Massive data matrix image processing in Pharmaceutical Logistics
Summary of the entity:
Cofares is the leading pharmaceutical wholesaler in Spain. It is a cooperative with 100 % pharmaceutical capital that provides pharmacies with products as well as health related services.
Summary of the challenge:
Due to the implementation of the FMD (Falsified Medicines Directive) all the medicines packages must be identified with a unique serial number embedded in a data matrix code printed on the package.
There are some situations that require the wholesaler to verify the status of the serial numbers in an European repository.
Currently this verification is done by scanning a data matrix in each package one by one. All packages are stacked into a carton case and an operator opens the carton case and takes each package by hand to scan its data matrix, spending a long time in the process.
Cameras are being installed to take images of the open cases at a workplace so that a software program processes them and extracts all the information from the data matrix.
We have the following limitations:
- We can’t use very powerful computers (e.g. expensive GPUs).
- There is no internet connection (images can’t be sent out the computer).
- The photos are taken with a 12Mpx (lower resolutions are enough to read the data matrix).
- We expect very low AI compute times (less than 1 second per image).

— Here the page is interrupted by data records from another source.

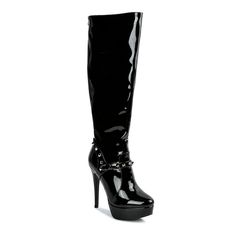 Take your style to new heights with these London Rag patent Stiletto women's knee-high boots.Click this FOOTWEAR GUIDE to find the perfect fit and more! Take your style to new heights with these London Rag patent Stiletto women's knee-high boots. Click this FOOTWEAR GUIDE to find the perfect fit and more! SHOE FEATURES High-shine faux patent leather Sleek stiletto heelSHOE CONSTRUCTION Synthetic upper Polyurethane lining TPR outsoleSHOE DETAILS Almond toe Zipper closure Padded footbed 5.31-in. h Winter Patent Leather Knee-high Heeled Boots, Edgy Fitted Patent Leather Boots, Trendy Patent Leather Knee-high Boots, Knee-high Patent Leather Heeled Boots For Night Out, Fitted Thigh High Patent Leather Boots, Elegant Patent Leather Platform Boots For Party, Elegant Fitted Patent Leather Platform Boots, Patent Leather Knee-high Boots With Round Toe For Party, Knee-high Patent Leather Boots For Night Out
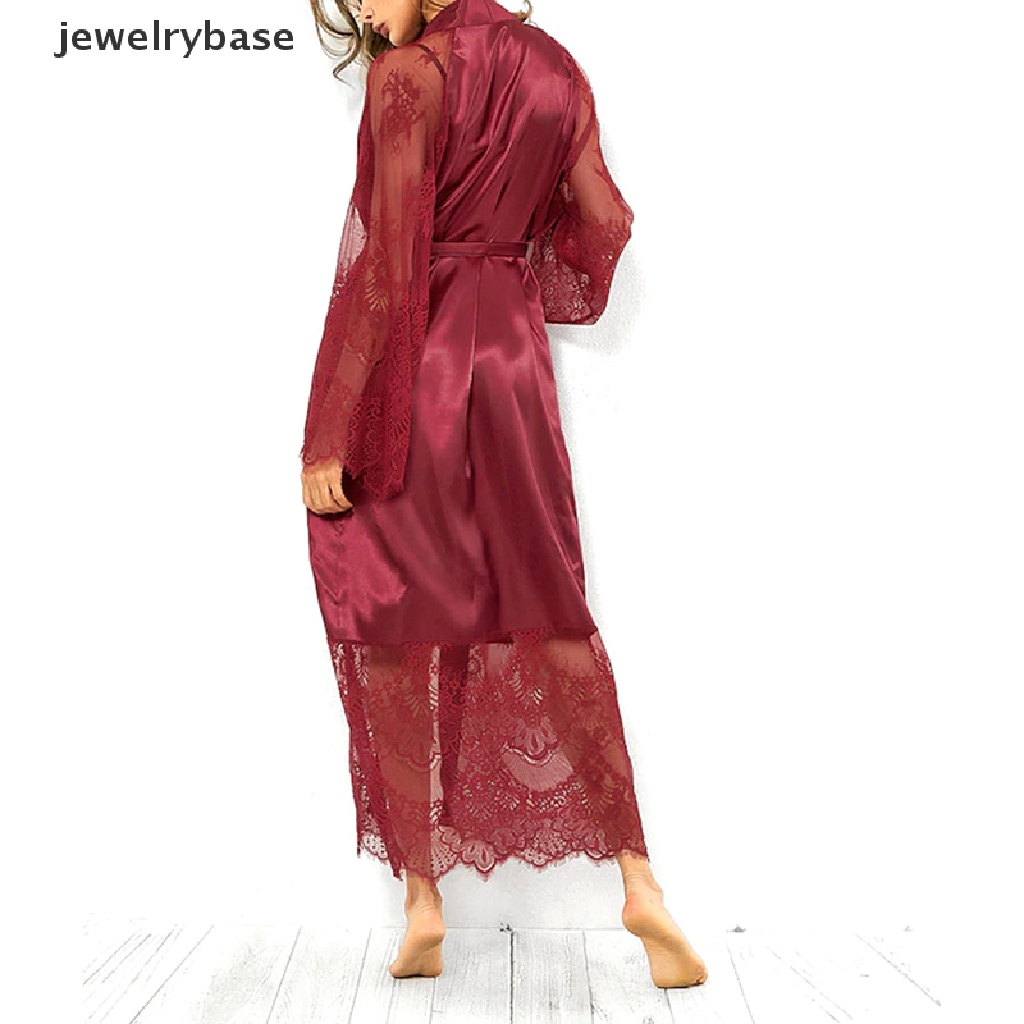 Áo choàng ngủ vải lụa satin phối ren thời trang cho nữ
 | BigBuy360 - bigbuy360.vn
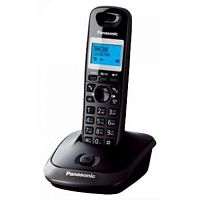 картинка Panasonic KX-TG2511RUT - Беспроводной телефон DECT (радиотелефон) , цвет: темно-серый металлик  от магазина Интерком-НН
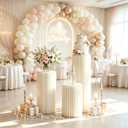 3 Pack Cylinder Display Stands, 15.75 23.62 31.50 inches
Foldable Cardboard Columns, Pedestal Stand for Wedding, Birthday Party, Baby Shower & Family Gathering Decoration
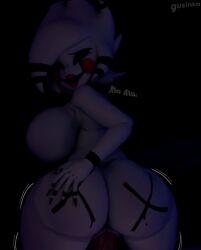 3d ara_ara ass breasts five_nights_at_freddy's fredina's_nightclub gusinka marie_(cally3d) marionette_(fnaf) nude nude_female nude_male penis_riding puppet_(fnaf) riding riding_penis straight tagme text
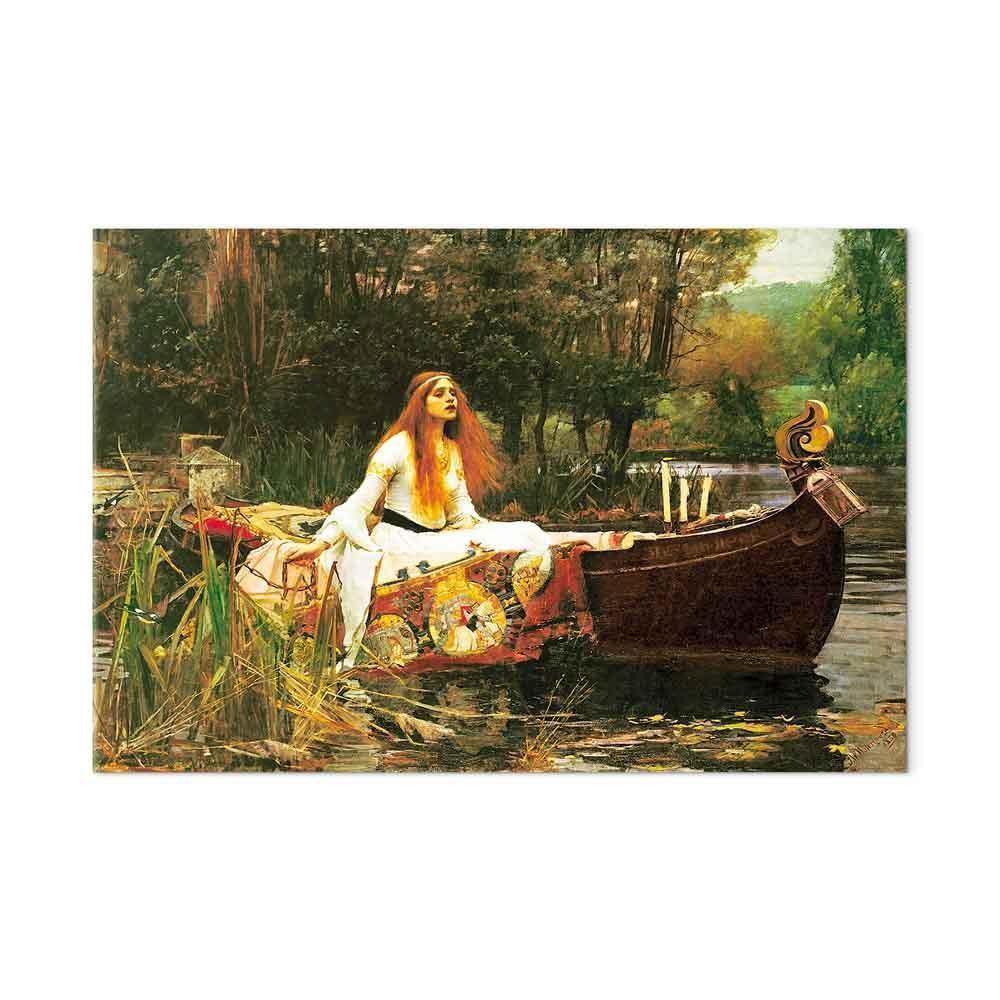 Leinwandbild - John William Waterhouse – The Lady of Shalott
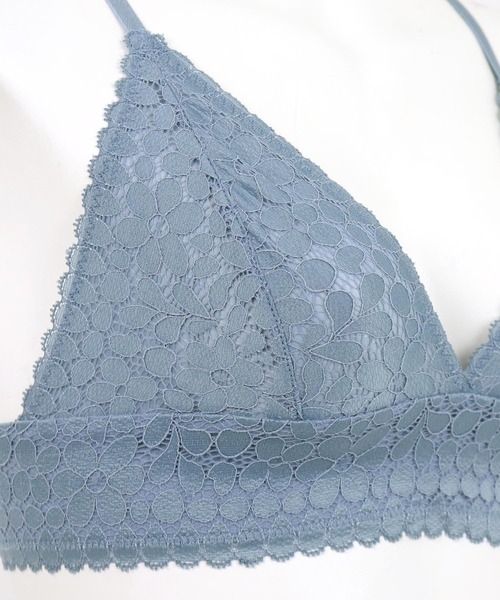 fran de lingerie（フランデランジェリー）の「ノンワイヤーブラ&ショーツセット ブラレット　軽くて楽ちん♪安定感も抜群なブラレット（ブラ&ショーツ・レディース・ブラック/レッド/オフホワイト/ピンク/セージグリーン/マスタード/グレイッシュブルー・S/M/L/XL/LL）」の21枚目の写真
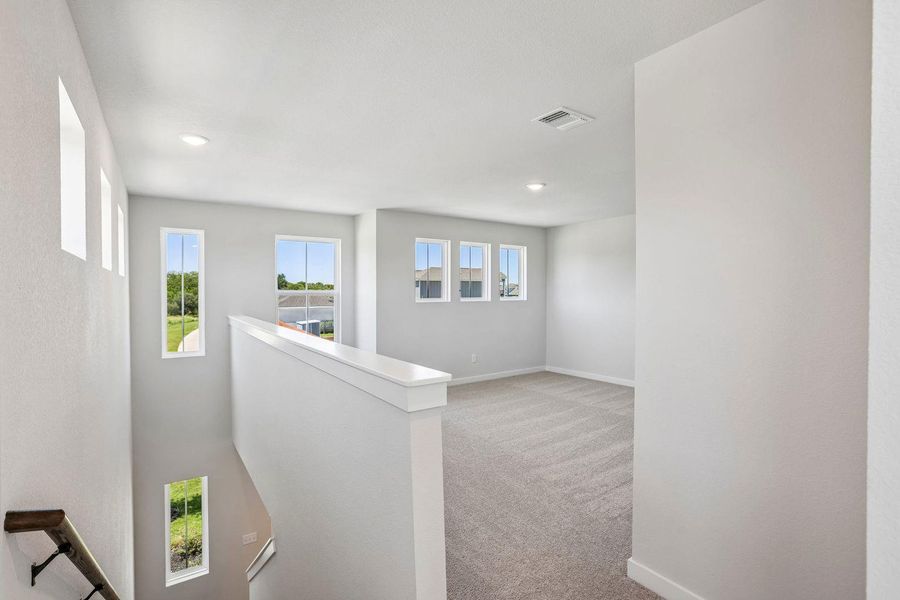 Spacious, unfurnished interior of a new home in Avery Centre, Round Rock (Image 13). Spacious, unfurnished interior of a new home in Avery Centre, Round Rock (Image 13).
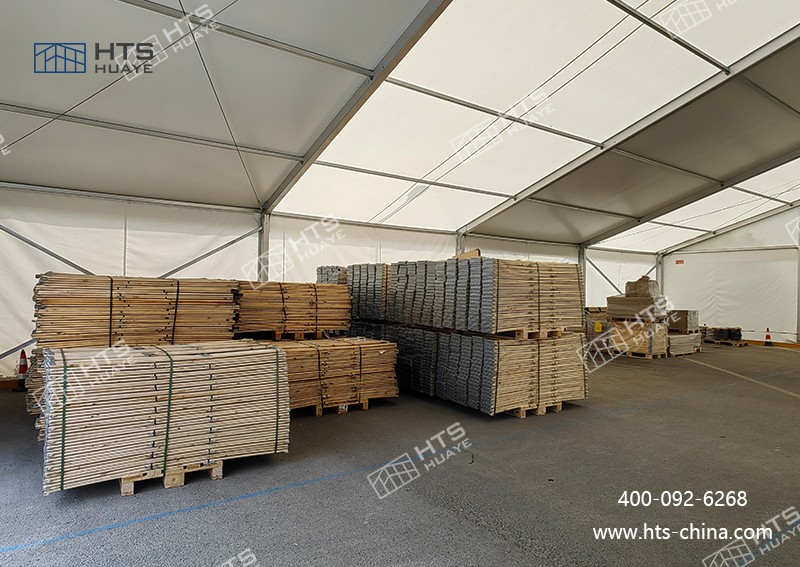 定制化仓储篷房成为企业临时仓储的高性价比选择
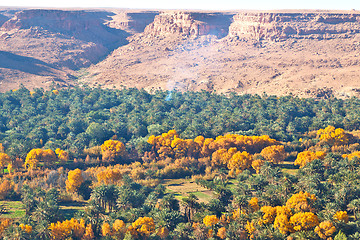 Image showing in   valley  morocco  africa the  mountain ground isolated hill 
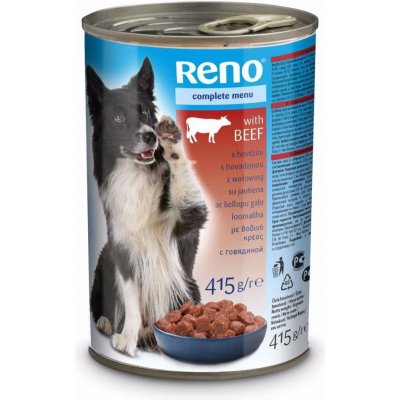 RENO Dog hovězí, kousky 415 g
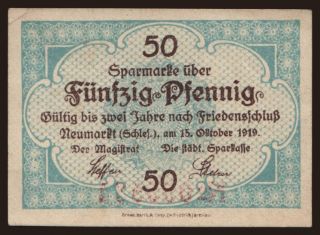 Neumarkt, 50 Pfennig, 1919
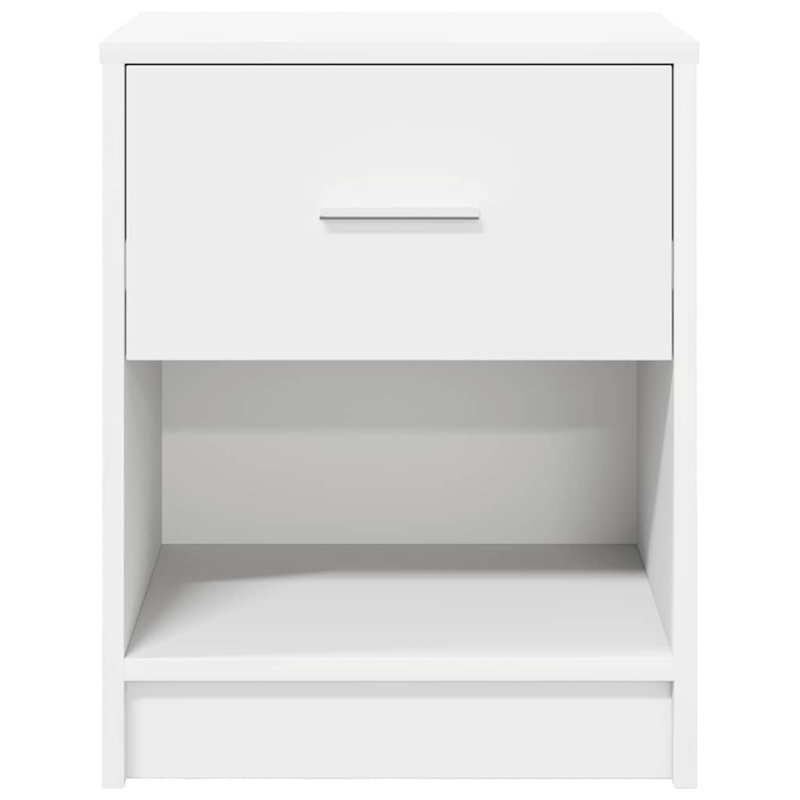 Bedside Cabinet With Drawer 40X34x50 Cm, White, 2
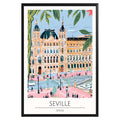 Seville Spain Travel Poster - GroovyGrove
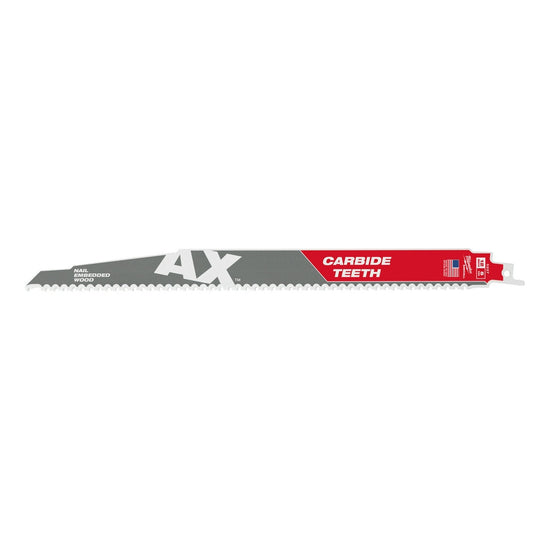 The Ax™ With Carbide Teeth Sawzall® Blade 12" 5t 3pk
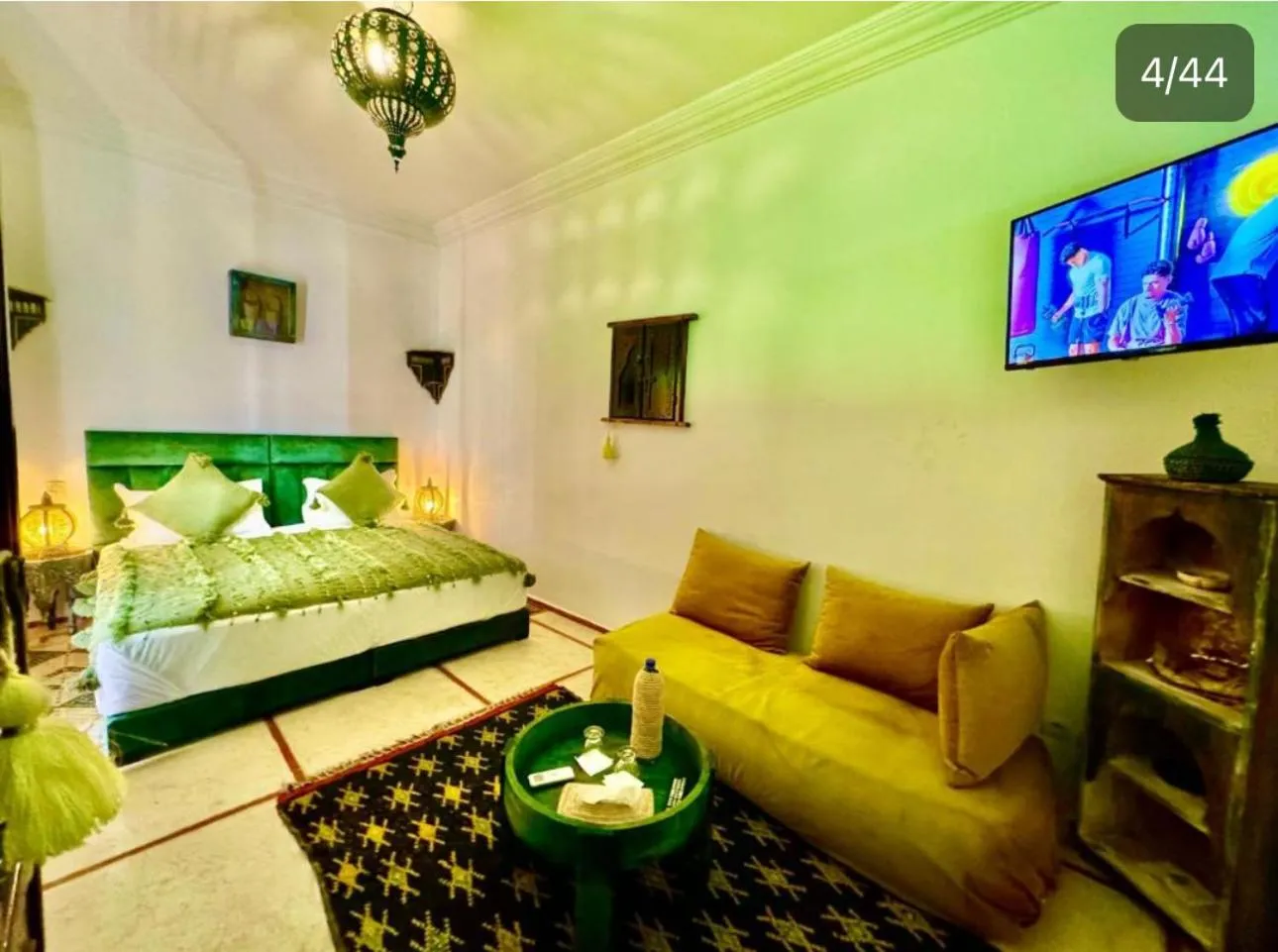 Bed in Riad Iklil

We also want the software to detect if the image is not capturing the full layer (for example, the flap of the carton box covers medicine boxes or there are some reflections) to warn the operator about it.
To automate the process of scanning so that the operator stops doing it for most of the packages and only supervises and solves specific problems.
Any improvement suggestions about the physical environment and the devices used (camera, computer, lightning, etc.) will be welcome.